Right now it looks like the four horsemen of the ..............

Regardless, those of you attending will be able to make the necessary points!


----------



## vegas paul

Fearsome foursome?  Personally, I'd say they're already outnumbered!


----------



## Frank

I will be there.

Be nice to meet some of you guys.

Frank


----------



## Mule

Frank said:
			
		

> I will be there.Be nice to meet some of you guys.
> 
> Frank


Just some of us??? Which ones are you not wanting to meet?????    Okay....you don't have to name names!


----------



## Frank

Some of the guys on the BB --the ones on the list of attendees--LOL


----------



## Uncle Bob

Welcome aboard Frank,

Ok, Frank makes five and JP Ranch makes 6.

We need one more for the "Magnificent Seven".

Uncle Bob


----------



## Code Neophyte

A neophyte will be there to counterbalance all of you seasoned experts!


----------



## Uncle Bob

Welcome Code Neophyte,

That makes six. Where you coming from? I may be the only one with a vehicle.

Here is where we will be staying; and, some eating places nearby;

http://www.marriott.com/hotels/hotel-information/restaurant/denap-courtyard-denver-airport/

I think we will have more,

Uncle Bob


----------



## jpranch

Thanks UB. I'll be there! Looking forward to meeting all of you. Not really sure of the direction this will take? You know... Fool me once shame on you... fool me twice shame on me.


----------



## RJJ

Make sure you take some BB card JP.


----------



## jpranch

LOL. I do beleive that, that would go over like a turd in a punch bowl! Maybe I'll do it!!!


----------



## Uncle Bob

I know of one more that is going; but, will let them identify themselves.  If someone decides to cancel; please tell Valerie about Fatboy to take your place.

Uncle Bob


----------



## Code Neophyte

Flying out of St. Louis.  Not sure how early I'll be there on Wednesday night.  They said something about a "Welcoming Reception"?


----------



## jpranch

UB, Perhaps I could (or somebody else?) check with Valerie tomorrow. Sure would like to see fatboy there. fatboy, pm me with your contact info if you are interested.

Post Script: To rjj & jar, I do not sell out. I would hope from my posts that you know.


----------



## peach

I'll be there too... wednesday evening.. see U there


----------



## vegas paul

Peach - do you recall all the action items and promises that were made in Baltimore when we met with Dominic Sims about this very topic? It would be interesting to start the discussion with those!


----------



## TJacobs

I will have a car also; I'll be renting a car because my mom and brother live in Littleton so I'll be staying until Sunday with them.

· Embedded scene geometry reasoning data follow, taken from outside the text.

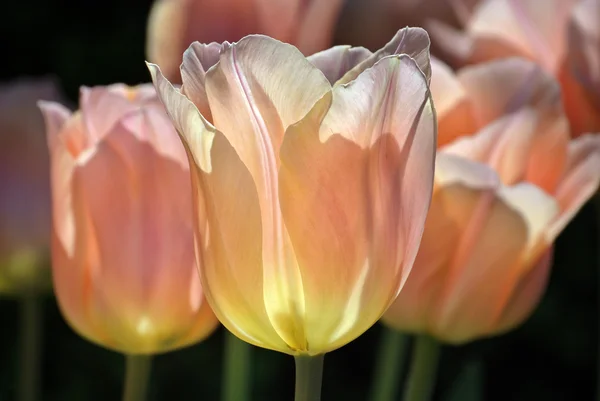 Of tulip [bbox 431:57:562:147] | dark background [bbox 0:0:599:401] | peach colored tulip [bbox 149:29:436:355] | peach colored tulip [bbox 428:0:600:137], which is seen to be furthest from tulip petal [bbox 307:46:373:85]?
dark background [bbox 0:0:599:401]

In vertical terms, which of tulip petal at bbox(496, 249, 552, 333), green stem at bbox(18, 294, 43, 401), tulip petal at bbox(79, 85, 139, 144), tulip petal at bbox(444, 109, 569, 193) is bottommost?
green stem at bbox(18, 294, 43, 401)

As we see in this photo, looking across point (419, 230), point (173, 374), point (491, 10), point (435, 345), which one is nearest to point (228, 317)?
point (419, 230)

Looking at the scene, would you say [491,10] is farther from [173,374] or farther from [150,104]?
[173,374]

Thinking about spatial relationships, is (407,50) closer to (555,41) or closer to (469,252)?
(469,252)

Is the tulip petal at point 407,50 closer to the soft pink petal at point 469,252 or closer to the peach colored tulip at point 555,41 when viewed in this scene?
the soft pink petal at point 469,252

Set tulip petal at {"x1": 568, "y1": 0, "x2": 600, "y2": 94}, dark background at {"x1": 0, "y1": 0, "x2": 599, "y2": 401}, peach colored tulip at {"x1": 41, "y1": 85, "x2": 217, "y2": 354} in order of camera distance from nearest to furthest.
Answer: peach colored tulip at {"x1": 41, "y1": 85, "x2": 217, "y2": 354}, tulip petal at {"x1": 568, "y1": 0, "x2": 600, "y2": 94}, dark background at {"x1": 0, "y1": 0, "x2": 599, "y2": 401}

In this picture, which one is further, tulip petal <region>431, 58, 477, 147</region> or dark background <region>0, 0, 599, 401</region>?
dark background <region>0, 0, 599, 401</region>

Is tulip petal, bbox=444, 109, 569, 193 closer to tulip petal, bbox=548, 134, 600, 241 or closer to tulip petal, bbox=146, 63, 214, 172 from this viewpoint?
tulip petal, bbox=548, 134, 600, 241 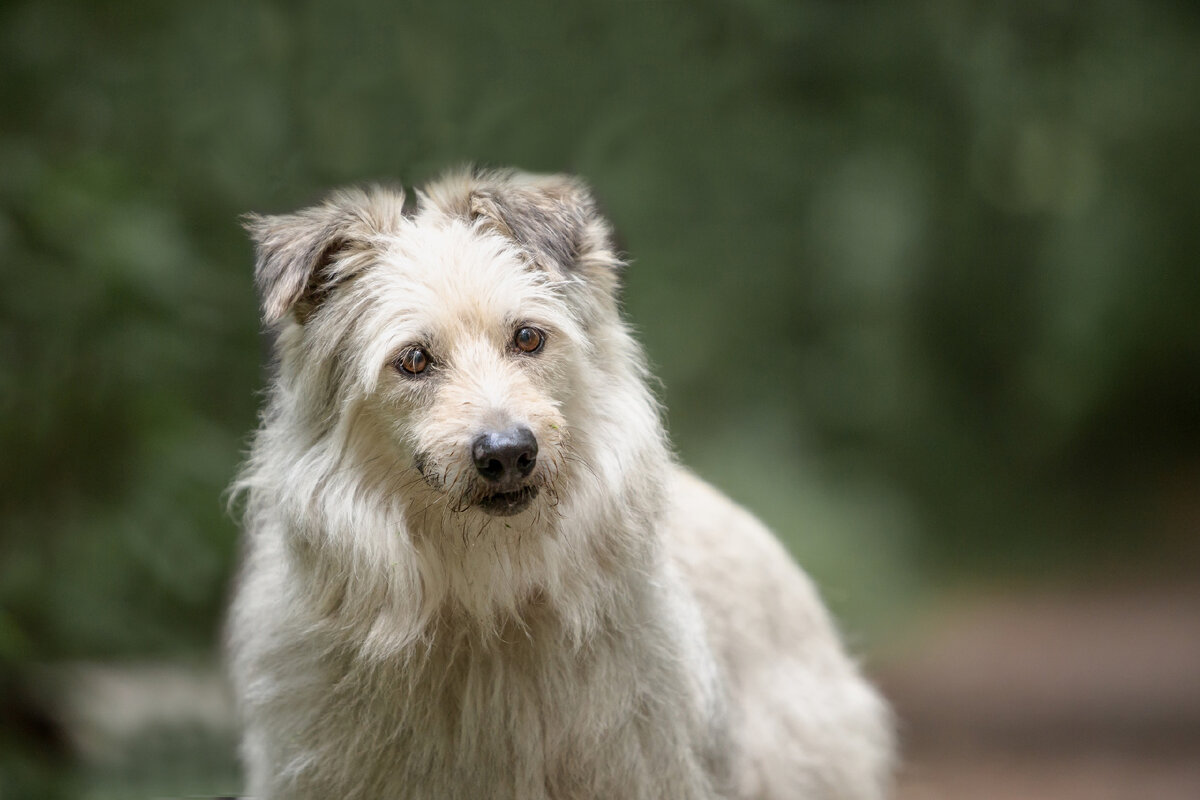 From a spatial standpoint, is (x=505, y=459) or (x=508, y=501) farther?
(x=508, y=501)

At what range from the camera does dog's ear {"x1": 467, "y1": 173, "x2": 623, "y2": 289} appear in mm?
2768

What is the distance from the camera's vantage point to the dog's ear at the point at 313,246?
267cm

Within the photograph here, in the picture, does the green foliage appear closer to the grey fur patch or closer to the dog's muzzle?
the grey fur patch

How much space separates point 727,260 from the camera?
7031mm

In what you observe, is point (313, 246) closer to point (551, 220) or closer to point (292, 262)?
point (292, 262)

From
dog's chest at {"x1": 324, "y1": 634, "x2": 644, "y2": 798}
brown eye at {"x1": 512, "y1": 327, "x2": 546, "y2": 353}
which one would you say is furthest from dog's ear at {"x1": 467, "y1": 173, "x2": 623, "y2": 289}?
dog's chest at {"x1": 324, "y1": 634, "x2": 644, "y2": 798}

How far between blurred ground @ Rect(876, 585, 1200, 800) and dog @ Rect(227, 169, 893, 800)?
296cm

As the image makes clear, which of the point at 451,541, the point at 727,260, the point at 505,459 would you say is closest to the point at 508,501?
the point at 505,459

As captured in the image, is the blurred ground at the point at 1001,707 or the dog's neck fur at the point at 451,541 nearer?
the dog's neck fur at the point at 451,541

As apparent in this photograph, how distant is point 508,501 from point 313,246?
726 millimetres

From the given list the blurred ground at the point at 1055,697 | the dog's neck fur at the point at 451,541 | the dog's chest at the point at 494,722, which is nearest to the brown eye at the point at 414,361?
the dog's neck fur at the point at 451,541

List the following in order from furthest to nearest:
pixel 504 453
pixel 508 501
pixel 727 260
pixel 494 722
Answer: pixel 727 260 < pixel 494 722 < pixel 508 501 < pixel 504 453

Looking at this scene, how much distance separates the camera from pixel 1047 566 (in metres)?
7.21

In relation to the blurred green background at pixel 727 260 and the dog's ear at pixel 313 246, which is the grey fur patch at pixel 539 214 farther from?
the blurred green background at pixel 727 260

The Baltimore fiasco would be a great place to start.


----------



## vegas paul

NFL season opens Thursday night - Saints vs. Vikings... who's joining me?


----------



## jpranch

Talked to Valerie this morning. So far thay have 25 people listed to attend.


----------



## Mule

That means there are a lot of users out there that are not on this forum.


----------



## Uncle Bob

JP,

Thanks for the update; out of the 25 we will have 8 attending; with our Peach on board.

I doubt that the other 17 are attending as a group. If we are together on our objectives; that will give us a good opportunity to meet our goals.

Uncle Bob


----------



## fatboy

I just emailed JP my contact info, like I said, all I would really need is the hotel room.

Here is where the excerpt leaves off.